With the material below, print exactly the lines between the line holding "17/104 Tinning Street, Brunswick VIC 3056" and the line holding "450 N Shore Dr, Fountain City, WI 54629", inclusive. Add nothing else.

--- --- ---

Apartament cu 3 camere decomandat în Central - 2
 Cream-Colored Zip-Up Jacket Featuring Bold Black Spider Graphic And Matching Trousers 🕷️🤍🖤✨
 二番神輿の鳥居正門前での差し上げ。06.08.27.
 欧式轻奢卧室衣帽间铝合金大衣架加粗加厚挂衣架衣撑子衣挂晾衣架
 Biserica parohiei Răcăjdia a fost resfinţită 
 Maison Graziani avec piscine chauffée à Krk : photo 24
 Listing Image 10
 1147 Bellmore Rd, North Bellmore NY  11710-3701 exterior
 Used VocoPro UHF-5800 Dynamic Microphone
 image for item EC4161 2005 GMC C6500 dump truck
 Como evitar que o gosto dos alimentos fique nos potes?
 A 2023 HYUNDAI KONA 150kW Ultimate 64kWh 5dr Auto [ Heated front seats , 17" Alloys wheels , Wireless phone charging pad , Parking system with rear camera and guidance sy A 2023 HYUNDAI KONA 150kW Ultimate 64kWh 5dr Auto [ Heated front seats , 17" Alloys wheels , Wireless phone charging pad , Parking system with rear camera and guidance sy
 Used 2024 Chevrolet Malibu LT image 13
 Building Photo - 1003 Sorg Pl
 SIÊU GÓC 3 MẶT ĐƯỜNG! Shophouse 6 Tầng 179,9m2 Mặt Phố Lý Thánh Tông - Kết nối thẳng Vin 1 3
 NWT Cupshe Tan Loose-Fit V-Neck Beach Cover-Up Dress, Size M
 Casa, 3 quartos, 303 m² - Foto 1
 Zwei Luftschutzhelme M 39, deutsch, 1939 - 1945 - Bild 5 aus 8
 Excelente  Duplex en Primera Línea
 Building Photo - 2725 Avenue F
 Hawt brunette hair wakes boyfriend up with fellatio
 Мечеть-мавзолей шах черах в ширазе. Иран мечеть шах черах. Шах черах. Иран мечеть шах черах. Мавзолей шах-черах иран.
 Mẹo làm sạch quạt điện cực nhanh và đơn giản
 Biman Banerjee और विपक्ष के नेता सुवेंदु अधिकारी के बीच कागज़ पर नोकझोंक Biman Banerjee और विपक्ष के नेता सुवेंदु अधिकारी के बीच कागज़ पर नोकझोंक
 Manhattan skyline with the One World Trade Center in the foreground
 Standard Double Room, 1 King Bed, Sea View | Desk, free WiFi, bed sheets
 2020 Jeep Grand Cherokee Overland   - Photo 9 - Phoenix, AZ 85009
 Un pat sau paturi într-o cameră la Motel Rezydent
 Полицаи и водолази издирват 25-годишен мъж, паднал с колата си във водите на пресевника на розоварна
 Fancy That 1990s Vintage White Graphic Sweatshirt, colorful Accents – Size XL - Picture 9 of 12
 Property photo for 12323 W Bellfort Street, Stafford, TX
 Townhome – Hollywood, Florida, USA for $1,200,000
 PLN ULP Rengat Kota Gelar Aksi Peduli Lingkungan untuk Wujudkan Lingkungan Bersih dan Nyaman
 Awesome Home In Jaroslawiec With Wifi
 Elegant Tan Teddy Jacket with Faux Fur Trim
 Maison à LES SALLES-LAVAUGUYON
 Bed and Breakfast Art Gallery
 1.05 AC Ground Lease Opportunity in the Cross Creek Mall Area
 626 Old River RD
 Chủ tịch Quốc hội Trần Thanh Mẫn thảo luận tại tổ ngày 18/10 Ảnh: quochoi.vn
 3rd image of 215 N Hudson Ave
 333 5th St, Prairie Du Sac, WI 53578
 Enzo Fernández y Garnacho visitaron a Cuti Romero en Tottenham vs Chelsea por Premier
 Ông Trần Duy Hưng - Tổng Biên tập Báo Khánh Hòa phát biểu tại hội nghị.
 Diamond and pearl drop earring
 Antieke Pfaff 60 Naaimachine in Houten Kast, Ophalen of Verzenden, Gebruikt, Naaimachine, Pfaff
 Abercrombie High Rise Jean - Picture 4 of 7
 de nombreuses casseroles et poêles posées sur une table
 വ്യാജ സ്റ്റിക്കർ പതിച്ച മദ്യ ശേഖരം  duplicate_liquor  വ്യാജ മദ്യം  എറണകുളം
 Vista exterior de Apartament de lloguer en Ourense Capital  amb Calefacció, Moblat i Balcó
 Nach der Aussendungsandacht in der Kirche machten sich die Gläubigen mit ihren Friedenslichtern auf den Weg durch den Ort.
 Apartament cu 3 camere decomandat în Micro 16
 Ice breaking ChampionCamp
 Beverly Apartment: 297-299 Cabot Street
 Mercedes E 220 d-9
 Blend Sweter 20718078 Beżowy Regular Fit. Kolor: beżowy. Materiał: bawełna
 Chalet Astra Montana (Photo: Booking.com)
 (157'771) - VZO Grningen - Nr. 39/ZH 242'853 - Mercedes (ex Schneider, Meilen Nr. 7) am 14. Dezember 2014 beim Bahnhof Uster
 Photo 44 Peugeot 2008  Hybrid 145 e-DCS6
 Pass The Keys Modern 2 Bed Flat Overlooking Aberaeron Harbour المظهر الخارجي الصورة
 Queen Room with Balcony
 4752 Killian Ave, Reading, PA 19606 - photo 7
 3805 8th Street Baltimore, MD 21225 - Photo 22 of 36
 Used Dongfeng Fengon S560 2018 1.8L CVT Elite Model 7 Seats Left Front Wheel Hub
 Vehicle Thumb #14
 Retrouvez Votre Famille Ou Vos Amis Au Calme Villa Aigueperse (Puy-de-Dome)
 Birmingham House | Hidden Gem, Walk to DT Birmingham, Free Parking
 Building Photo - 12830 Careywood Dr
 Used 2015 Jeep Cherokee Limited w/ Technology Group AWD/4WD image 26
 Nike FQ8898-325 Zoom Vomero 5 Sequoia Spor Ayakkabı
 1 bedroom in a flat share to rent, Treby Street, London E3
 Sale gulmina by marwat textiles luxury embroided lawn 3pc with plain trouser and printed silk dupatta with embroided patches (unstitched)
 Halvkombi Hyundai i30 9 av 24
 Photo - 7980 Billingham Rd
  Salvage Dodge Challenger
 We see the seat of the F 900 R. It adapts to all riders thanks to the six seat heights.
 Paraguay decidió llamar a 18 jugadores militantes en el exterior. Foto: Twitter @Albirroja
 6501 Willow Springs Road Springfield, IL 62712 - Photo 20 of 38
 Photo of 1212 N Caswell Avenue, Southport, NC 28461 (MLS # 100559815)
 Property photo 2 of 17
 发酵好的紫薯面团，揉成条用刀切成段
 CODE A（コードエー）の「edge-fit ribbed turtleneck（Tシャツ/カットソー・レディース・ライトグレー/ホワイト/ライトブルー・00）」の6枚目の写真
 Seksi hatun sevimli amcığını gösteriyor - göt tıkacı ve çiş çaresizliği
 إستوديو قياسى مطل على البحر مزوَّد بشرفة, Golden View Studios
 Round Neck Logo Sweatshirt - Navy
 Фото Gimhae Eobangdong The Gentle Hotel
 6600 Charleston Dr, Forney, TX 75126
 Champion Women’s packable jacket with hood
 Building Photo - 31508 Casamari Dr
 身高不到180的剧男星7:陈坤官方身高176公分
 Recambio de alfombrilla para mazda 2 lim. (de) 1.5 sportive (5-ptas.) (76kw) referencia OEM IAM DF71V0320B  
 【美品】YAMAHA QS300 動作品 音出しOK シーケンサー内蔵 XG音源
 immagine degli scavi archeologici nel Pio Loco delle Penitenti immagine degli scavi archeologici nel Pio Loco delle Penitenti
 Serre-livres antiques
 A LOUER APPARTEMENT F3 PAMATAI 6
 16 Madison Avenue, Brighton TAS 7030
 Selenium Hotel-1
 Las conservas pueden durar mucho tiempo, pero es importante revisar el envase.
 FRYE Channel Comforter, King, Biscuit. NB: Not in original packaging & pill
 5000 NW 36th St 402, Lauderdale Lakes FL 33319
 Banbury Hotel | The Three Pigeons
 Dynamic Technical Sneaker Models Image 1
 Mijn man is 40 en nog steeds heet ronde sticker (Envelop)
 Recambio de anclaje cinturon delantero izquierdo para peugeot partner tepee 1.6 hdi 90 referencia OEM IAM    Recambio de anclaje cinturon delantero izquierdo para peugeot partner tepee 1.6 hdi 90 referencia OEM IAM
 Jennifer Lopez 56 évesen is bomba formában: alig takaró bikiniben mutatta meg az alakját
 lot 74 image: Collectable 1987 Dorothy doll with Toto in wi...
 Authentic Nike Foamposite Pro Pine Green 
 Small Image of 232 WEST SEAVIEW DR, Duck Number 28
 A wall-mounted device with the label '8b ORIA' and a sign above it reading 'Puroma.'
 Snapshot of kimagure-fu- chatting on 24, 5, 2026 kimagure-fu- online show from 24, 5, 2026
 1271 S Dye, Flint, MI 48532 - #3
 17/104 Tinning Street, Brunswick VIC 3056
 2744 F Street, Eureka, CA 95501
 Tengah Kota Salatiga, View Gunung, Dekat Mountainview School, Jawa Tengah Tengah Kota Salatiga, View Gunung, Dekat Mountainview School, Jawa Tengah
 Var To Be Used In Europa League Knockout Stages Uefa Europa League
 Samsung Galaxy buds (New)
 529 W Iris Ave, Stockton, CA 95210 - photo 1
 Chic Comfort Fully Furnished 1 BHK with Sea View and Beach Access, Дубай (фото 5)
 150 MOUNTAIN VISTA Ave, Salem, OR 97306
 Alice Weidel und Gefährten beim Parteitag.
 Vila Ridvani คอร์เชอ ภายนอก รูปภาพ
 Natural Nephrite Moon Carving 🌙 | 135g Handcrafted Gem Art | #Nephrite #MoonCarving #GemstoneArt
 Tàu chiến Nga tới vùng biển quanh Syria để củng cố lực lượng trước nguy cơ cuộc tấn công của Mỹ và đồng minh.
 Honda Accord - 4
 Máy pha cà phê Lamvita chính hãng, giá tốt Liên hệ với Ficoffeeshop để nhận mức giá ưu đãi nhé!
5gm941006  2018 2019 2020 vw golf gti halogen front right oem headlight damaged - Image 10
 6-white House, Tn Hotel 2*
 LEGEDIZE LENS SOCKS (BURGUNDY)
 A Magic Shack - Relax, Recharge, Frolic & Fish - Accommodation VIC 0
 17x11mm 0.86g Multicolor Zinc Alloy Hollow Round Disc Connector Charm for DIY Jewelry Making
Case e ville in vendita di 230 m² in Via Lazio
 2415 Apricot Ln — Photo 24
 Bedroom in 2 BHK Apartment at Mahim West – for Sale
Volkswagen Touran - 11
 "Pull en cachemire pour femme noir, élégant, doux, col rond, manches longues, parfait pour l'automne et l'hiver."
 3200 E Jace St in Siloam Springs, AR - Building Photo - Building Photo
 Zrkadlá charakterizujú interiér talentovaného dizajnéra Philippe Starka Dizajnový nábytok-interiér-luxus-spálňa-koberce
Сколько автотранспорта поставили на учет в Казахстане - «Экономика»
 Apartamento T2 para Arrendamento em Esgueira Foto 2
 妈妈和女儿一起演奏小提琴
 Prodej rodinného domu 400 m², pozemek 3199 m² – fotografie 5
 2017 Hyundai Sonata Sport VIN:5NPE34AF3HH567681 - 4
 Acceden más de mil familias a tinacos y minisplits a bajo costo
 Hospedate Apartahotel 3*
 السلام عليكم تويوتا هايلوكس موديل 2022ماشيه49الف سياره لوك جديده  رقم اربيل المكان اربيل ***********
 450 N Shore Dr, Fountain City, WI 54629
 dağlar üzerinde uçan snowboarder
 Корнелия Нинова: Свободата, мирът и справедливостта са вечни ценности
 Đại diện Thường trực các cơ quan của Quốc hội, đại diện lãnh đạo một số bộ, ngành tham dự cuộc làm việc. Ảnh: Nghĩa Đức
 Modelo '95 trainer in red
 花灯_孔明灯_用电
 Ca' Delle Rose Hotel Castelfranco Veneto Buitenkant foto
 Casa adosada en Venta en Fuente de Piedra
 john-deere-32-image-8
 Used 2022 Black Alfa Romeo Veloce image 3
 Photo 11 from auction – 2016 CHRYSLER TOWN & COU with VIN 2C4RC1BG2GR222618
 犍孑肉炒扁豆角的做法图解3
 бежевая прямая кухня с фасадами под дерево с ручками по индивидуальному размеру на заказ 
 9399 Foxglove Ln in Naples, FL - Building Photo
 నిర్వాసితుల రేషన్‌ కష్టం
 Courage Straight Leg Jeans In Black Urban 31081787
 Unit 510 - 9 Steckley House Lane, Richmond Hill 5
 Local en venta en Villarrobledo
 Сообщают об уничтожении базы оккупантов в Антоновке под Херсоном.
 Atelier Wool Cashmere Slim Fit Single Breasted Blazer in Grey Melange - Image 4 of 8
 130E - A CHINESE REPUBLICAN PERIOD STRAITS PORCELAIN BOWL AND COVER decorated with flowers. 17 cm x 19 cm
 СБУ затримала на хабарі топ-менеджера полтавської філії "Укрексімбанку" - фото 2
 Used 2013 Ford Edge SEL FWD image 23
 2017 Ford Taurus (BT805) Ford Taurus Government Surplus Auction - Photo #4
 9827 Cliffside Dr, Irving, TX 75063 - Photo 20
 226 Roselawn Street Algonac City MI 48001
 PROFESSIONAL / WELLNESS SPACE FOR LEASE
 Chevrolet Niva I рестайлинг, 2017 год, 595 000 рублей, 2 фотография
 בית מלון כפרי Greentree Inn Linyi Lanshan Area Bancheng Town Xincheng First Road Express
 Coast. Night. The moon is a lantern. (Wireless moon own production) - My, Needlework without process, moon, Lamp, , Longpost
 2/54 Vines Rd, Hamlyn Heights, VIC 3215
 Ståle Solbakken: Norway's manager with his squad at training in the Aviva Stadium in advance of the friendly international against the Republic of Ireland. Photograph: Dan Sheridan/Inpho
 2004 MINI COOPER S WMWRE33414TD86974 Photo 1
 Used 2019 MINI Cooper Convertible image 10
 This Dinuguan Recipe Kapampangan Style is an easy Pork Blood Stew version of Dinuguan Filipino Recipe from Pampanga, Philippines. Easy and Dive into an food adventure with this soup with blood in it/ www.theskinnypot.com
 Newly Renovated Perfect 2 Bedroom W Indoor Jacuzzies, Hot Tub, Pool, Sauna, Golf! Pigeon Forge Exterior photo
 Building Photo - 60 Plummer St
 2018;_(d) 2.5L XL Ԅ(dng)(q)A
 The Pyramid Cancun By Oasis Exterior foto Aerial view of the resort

--- --- ---

* _RESULT_
 17/104 Tinning Street, Brunswick VIC 3056
 2744 F Street, Eureka, CA 95501
 Tengah Kota Salatiga, View Gunung, Dekat Mountainview School, Jawa Tengah Tengah Kota Salatiga, View Gunung, Dekat Mountainview School, Jawa Tengah
 Var To Be Used In Europa League Knockout Stages Uefa Europa League
 Samsung Galaxy buds (New)
 529 W Iris Ave, Stockton, CA 95210 - photo 1
 Chic Comfort Fully Furnished 1 BHK with Sea View and Beach Access, Дубай (фото 5)
 150 MOUNTAIN VISTA Ave, Salem, OR 97306
 Alice Weidel und Gefährten beim Parteitag.
 Vila Ridvani คอร์เชอ ภายนอก รูปภาพ
 Natural Nephrite Moon Carving 🌙 | 135g Handcrafted Gem Art | #Nephrite #MoonCarving #GemstoneArt
 Tàu chiến Nga tới vùng biển quanh Syria để củng cố lực lượng trước nguy cơ cuộc tấn công của Mỹ và đồng minh.
 Honda Accord - 4
 Máy pha cà phê Lamvita chính hãng, giá tốt Liên hệ với Ficoffeeshop để nhận mức giá ưu đãi nhé!
5gm941006  2018 2019 2020 vw golf gti halogen front right oem headlight damaged - Image 10
 6-white House, Tn Hotel 2*
 LEGEDIZE LENS SOCKS (BURGUNDY)
 A Magic Shack - Relax, Recharge, Frolic & Fish - Accommodation VIC 0
 17x11mm 0.86g Multicolor Zinc Alloy Hollow Round Disc Connector Charm for DIY Jewelry Making
Case e ville in vendita di 230 m² in Via Lazio
 2415 Apricot Ln — Photo 24
 Bedroom in 2 BHK Apartment at Mahim West – for Sale
Volkswagen Touran - 11
 "Pull en cachemire pour femme noir, élégant, doux, col rond, manches longues, parfait pour l'automne et l'hiver."
 3200 E Jace St in Siloam Springs, AR - Building Photo - Building Photo
 Zrkadlá charakterizujú interiér talentovaného dizajnéra Philippe Starka Dizajnový nábytok-interiér-luxus-spálňa-koberce
Сколько автотранспорта поставили на учет в Казахстане - «Экономика»
 Apartamento T2 para Arrendamento em Esgueira Foto 2
 妈妈和女儿一起演奏小提琴
 Prodej rodinného domu 400 m², pozemek 3199 m² – fotografie 5
 2017 Hyundai Sonata Sport VIN:5NPE34AF3HH567681 - 4
 Acceden más de mil familias a tinacos y minisplits a bajo costo
 Hospedate Apartahotel 3*
 السلام عليكم تويوتا هايلوكس موديل 2022ماشيه49الف سياره لوك جديده  رقم اربيل المكان اربيل ***********
 450 N Shore Dr, Fountain City, WI 54629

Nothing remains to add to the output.